Jika ditinjau dari aspek ekonomi dan kesejahteraan rakyat, lanjutnya, amendemen konstitusi era reformasi tersebut juga membuat negara tidak lagi berdaulat untuk menyusun ekonomi. Saat ini, perekonomian nasional dipaksa disusun oleh mekanisme pasar bebas. Akibatnya, negara tidak lagi berkuasa penuh atas bumi air dan kekayaan yang terkandung di dalamnya, karena cabang-cabang produksi yang penting bagi hajat hidup orang banyak sudah dikuasai swasta.
“Inilah yang menyebabkan Indonesia terasa semakin gagap menghadapi tantangan dunia masa depan. Karena lemahnya kekuatan ekonomi negara dalam menyiapkan ketahanan di sektor-sektor strategis,” tegas LaNyalla.
Berangkat dari dua kenyataan tersebut, yakni dari aspek sistem bernegara dan bagaimana negara ini menjalankan roda perekonomian untuk kesejahteraan rakyat, maka LaNyalla menilai tak lagi ada pilihan.
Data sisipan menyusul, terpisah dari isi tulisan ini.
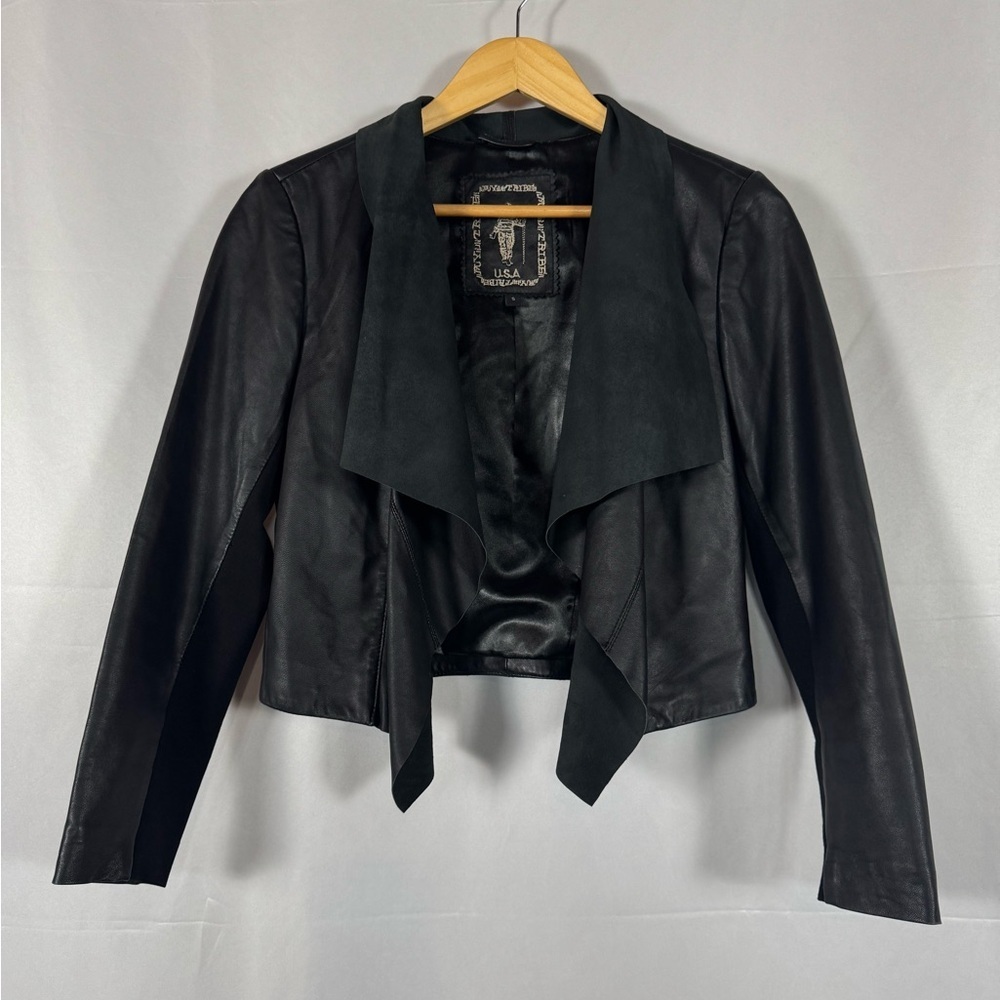 My Tribe Jacket Genuine Leather Black Biker Punk Rock Grunge Indie Sleaze Small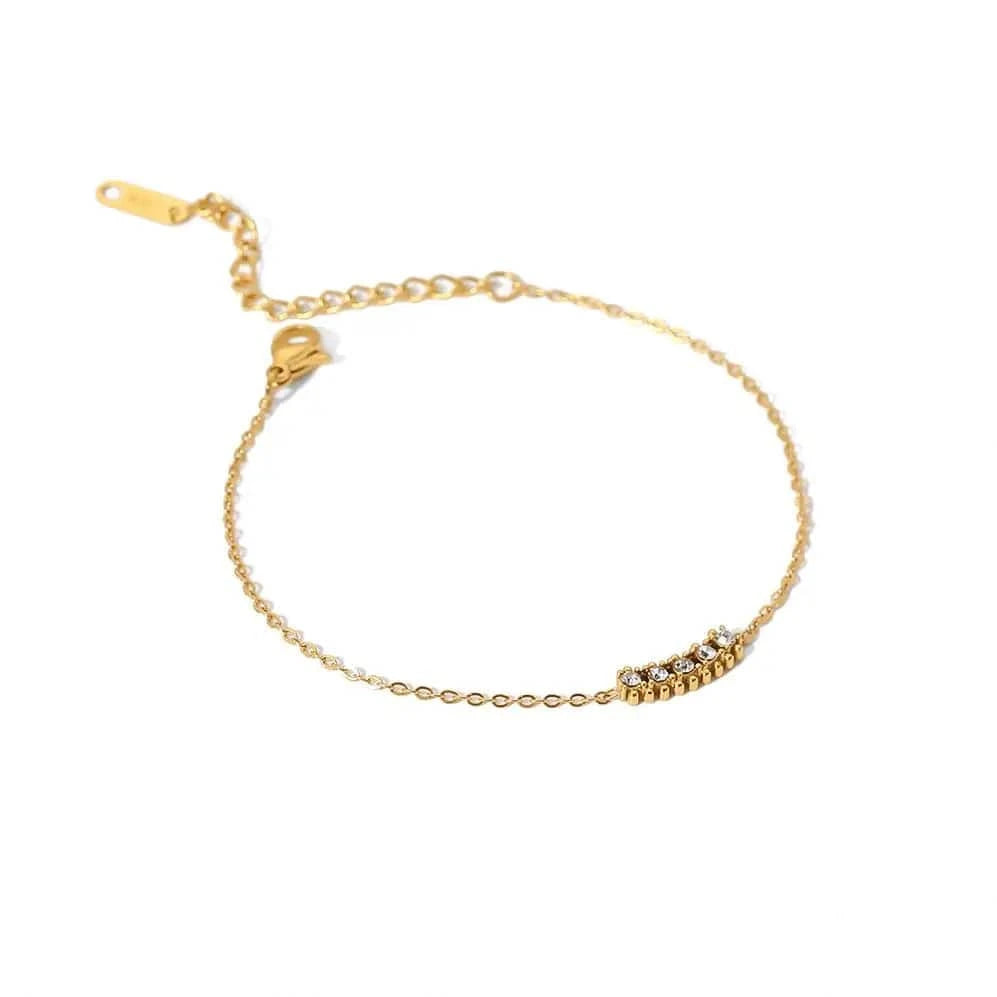 17+5 / BR1026 BR1026 18K Gold Plated Stainless Steel Fine Chain Jewelry Gift Charm White Cubic Zirconia Bracelet for Women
Sistem bernegara hari ini yang diakibatkan oleh kecelakaan perubahan konstitusi di era reformasi harus diakhiri dengan cara kembali kepada rumusan asli sistem bernegara dan sistem ekonomi Pancasila.
“Kembali kepada UUD 1945 naskah asli adalah peta jalan yang sekarang sedang saya tawarkan kepada bangsa ini. Mari kita perbaiki kelemahan naskah asli konstitusi kita. Tetapi jangan kita mengubah total konstruksi bernegara yang telah dirumuskan para pendiri bangsa,” ajak LaNyalla.